Made You Look. Tomato Soup Stunt got Clicks for Climate

October 18, 2022

File under Soup/Two nuts.
Follow up on the Van Gogh/Soup girl.
If the idea was to get attention, it worked. No word yet on whether it moves the needle on actually deploying new clean energy. Stay tuned.

Meanwhile, you have to admit, it got more ink and clicks than the poor misguided soul who literally lit himself on Fire last spring.

Fortune:

“We’re doing these actions to get media attention because we need to get people talking about this now,” one of the protesters, Phoebe Plummer, said in a video. “And we know that civil resistance works. History has shown us that it works.”

“Is art worth more than life? More than food? More than justice?” The group tweeted alongside a photo of the two protesters. “The cost-of-living crisis and climate crisis is driven by oil and gas.” 

Plummer said she recognizes that it seems ridiculous to cover a famous painting in soup, and stressed that she would have never done it if the painting wasn’t encased in glass. The oil painting wasn’t damaged by the soup throwing, but its frame was. 

The National Gallery released a statement after the protest, confirming that the “painting is unharmed,” despite “minimal damages to the frame.” The museum did not address the politics behind the protest. 

“We’re not asking the question ‘Should everybody be throwing soup on paintings?’” Plummer said. “What we’re doing is getting the conversation going so we can ask the questions that matter.”

To her that means asking why the U.K.’s recently appointed prime minister, Liz Truss, is approving over 100 new fossil fuel licenses. Why are fossil fuels subsidized 30 times more than renewables, when offshore wind is nine times cheaper? And why, when winter comes, will people be forced to choose between “heating and eating”?

and, BTW, she’s right about the competitive price of offshore wind.

Carbon Brief:

A UK government auction has secured a record 11 gigawatts (GW) of new renewable energy capacity that will generate electricity nine times more cheaply than current gas prices.

The projects are all due to start operating within the next five years up to 2026/27 and have agreed to generate electricity for an average price of £48 per megawatt hour (MWh) in today’s money. This is nine times cheaper than the £446/MWh current cost of running gas-fired power stations.

(Update 24/08/2022: The article was updated with the latest power prices, which have risen significantly.)
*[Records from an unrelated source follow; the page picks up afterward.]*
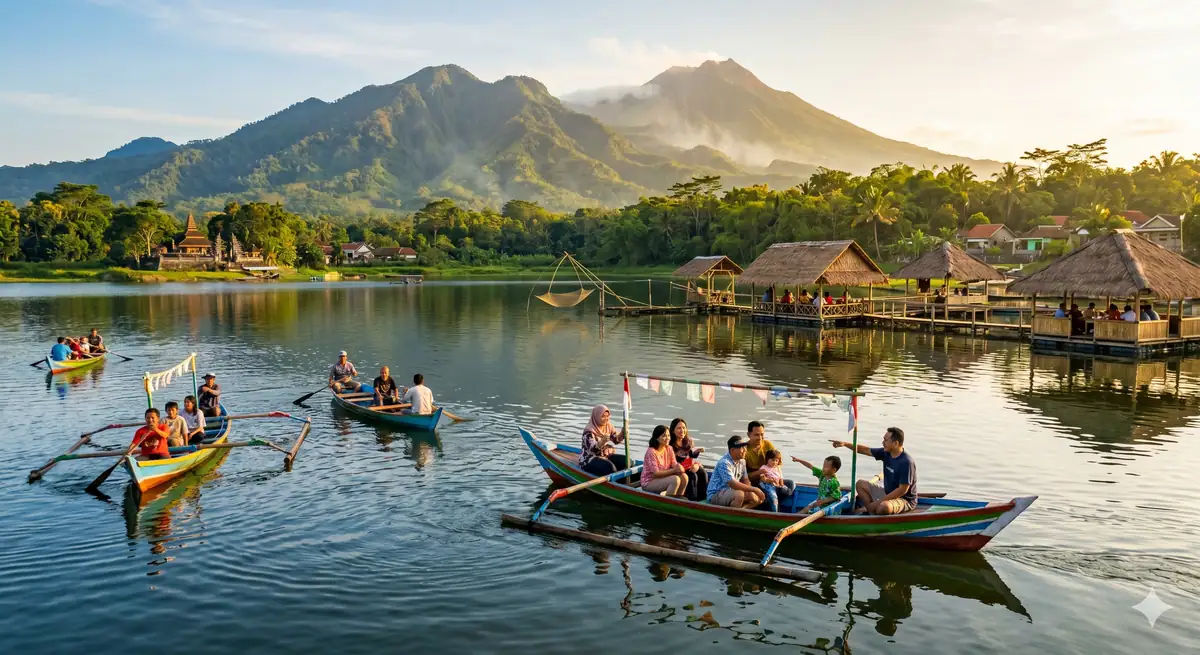 Aktivitas Seru di Rowo Jombor Klaten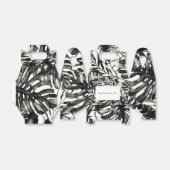 ブラック&ホワイトトロピカルパーム葉スアイラ結婚ンド フェイバーボックス (折り畳みなし)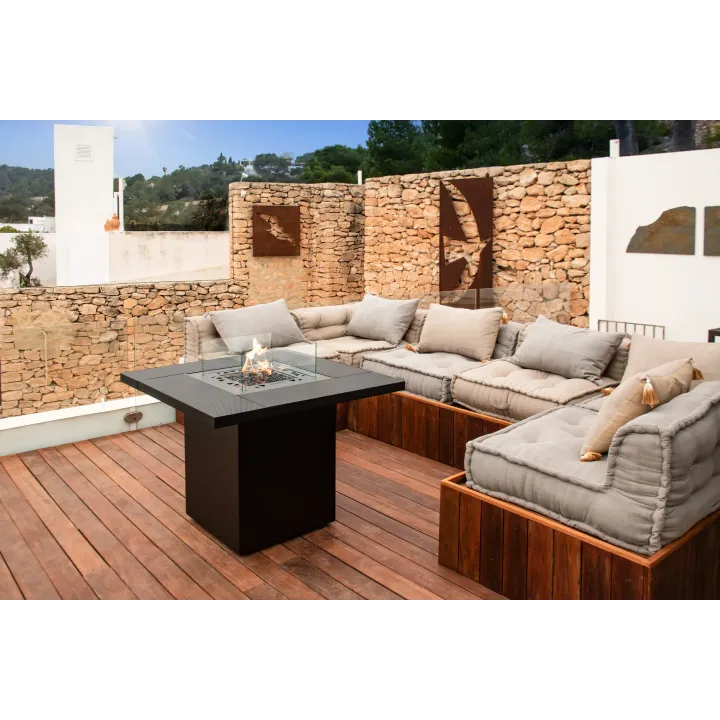 Mesa Fire Pit Planika Square Table
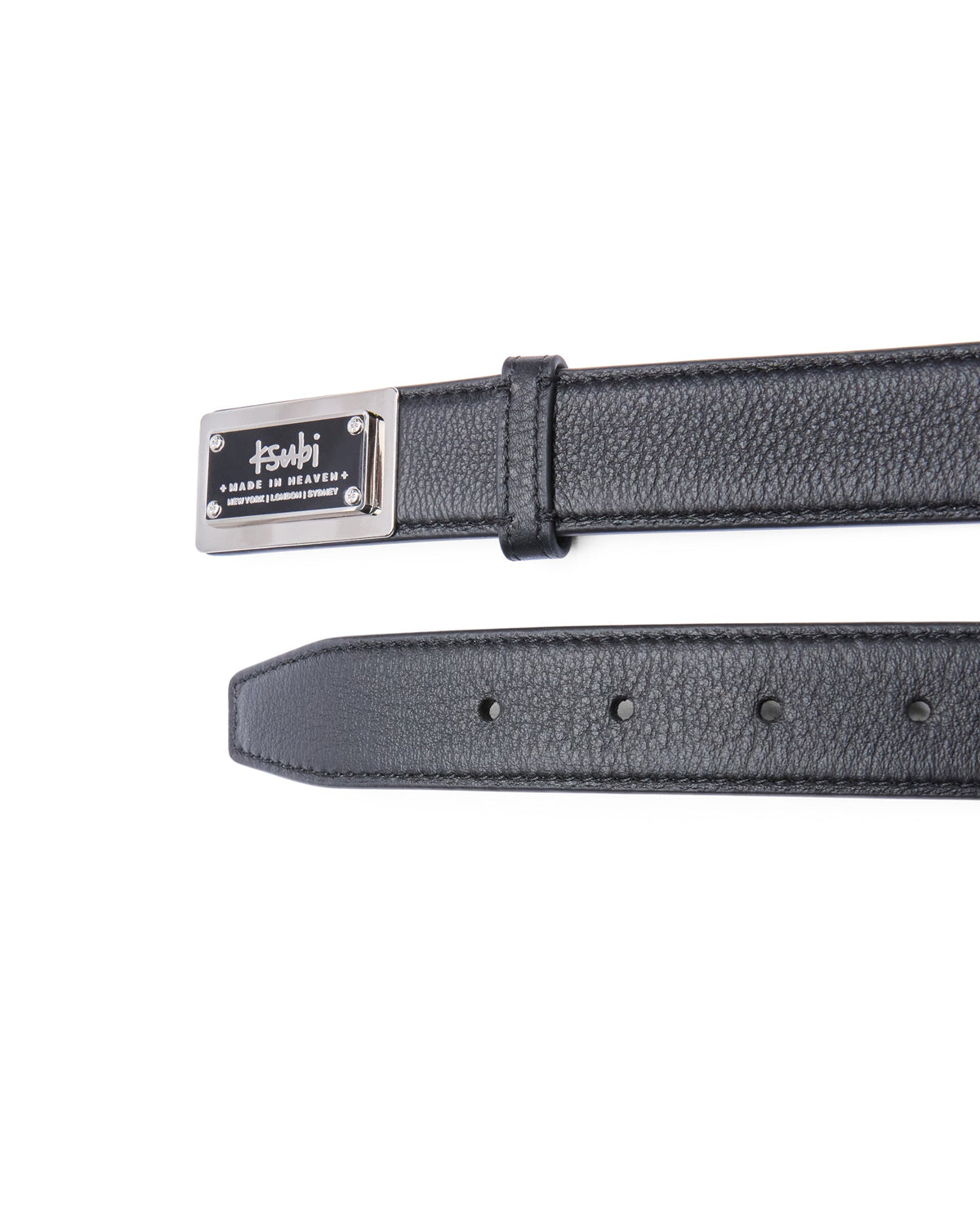 MADE IN HEAVEN BELT BLACK/ SILVER ACCESSORIES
Most of the new capacity – some 7GW – will be offshore wind. Notably, for the first time, these projects were cheaper than the 1.5GW of onshore wind or 2.2GW of solar.

Once the pre-approved projects are built, Carbon Brief estimates they will generate 45 terawatt hours (TWh) of electricity per year, enough to meet around 14% of current UK demand.

Analysts said they would also save consumers an estimated £1.5bn per year in the late 2020s and cut annual average bills by £58, with most of the projects effectively subsidy-free.